▶ _THE TASK_: What you give back from the listing below should be an exact copy of the lines from the one with "Bright dining room" down to the one with "May include: Two", and it should contain no pictures.

▶ _DATA TO PROCESS_:
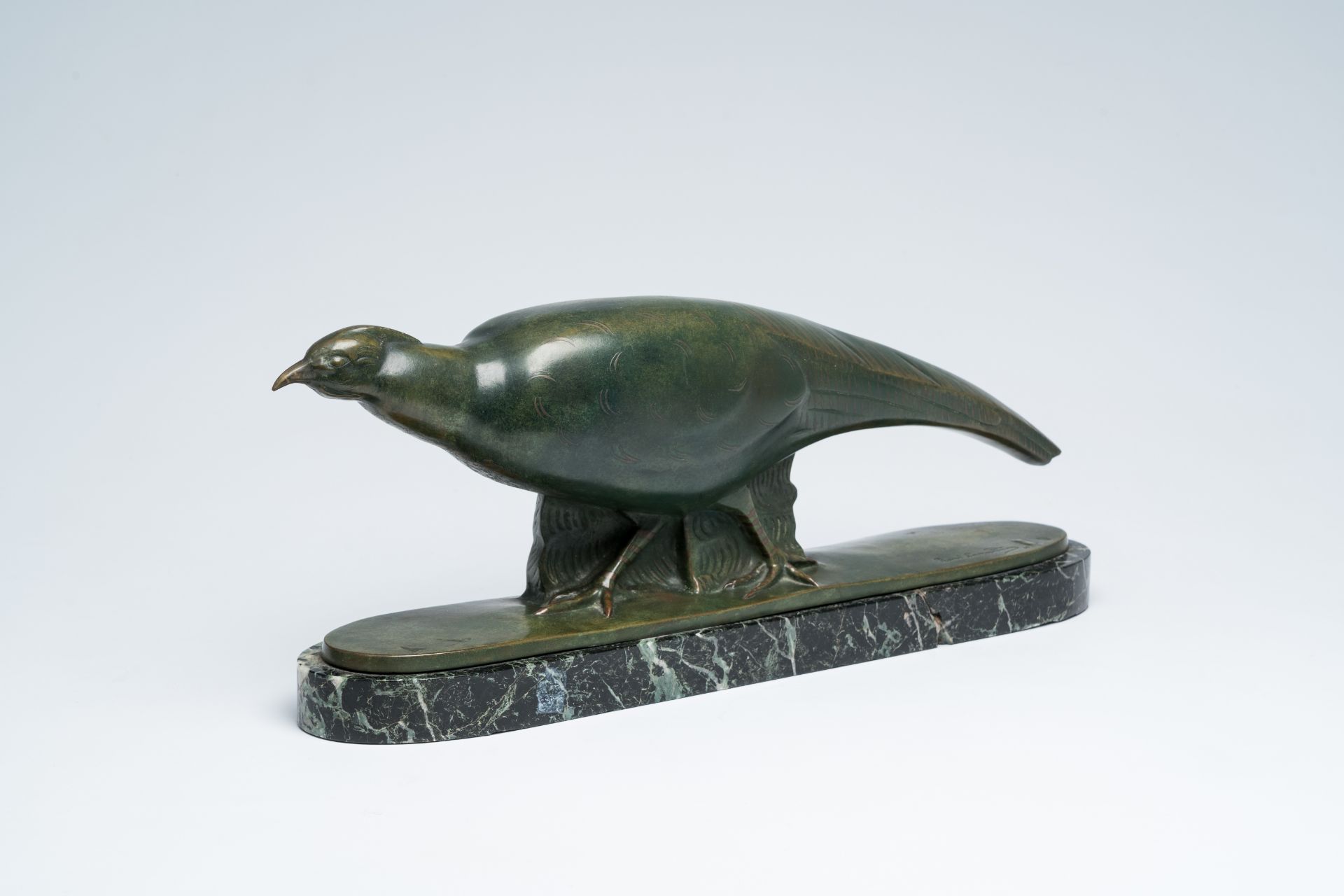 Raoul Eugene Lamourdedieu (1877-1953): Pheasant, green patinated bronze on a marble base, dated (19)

...

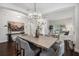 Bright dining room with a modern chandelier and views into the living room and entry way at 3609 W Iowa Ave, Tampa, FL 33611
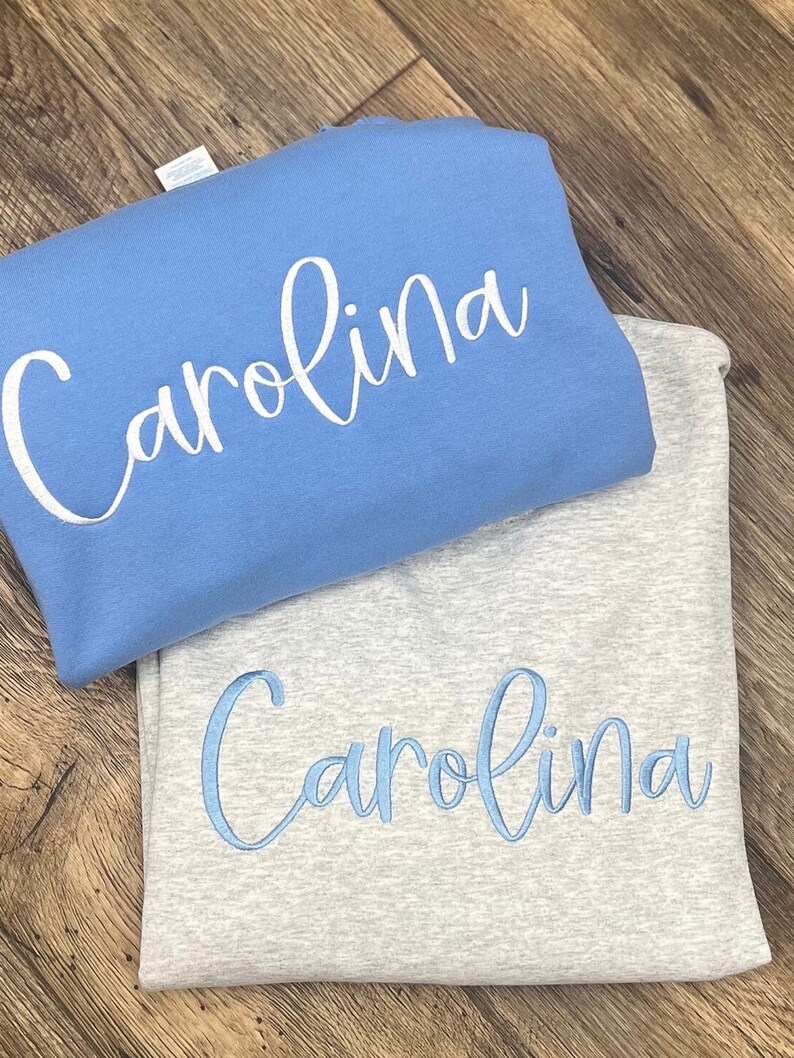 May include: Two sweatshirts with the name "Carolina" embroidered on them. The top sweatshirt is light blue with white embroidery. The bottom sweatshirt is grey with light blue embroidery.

▶ _RESPONSE AREA_:
 Bright dining room with a modern chandelier and views into the living room and entry way at 3609 W Iowa Ave, Tampa, FL 33611
 May include: Two sweatshirts with the name "Carolina" embroidered on them. The top sweatshirt is light blue with white embroidery. The bottom sweatshirt is grey with light blue embroidery.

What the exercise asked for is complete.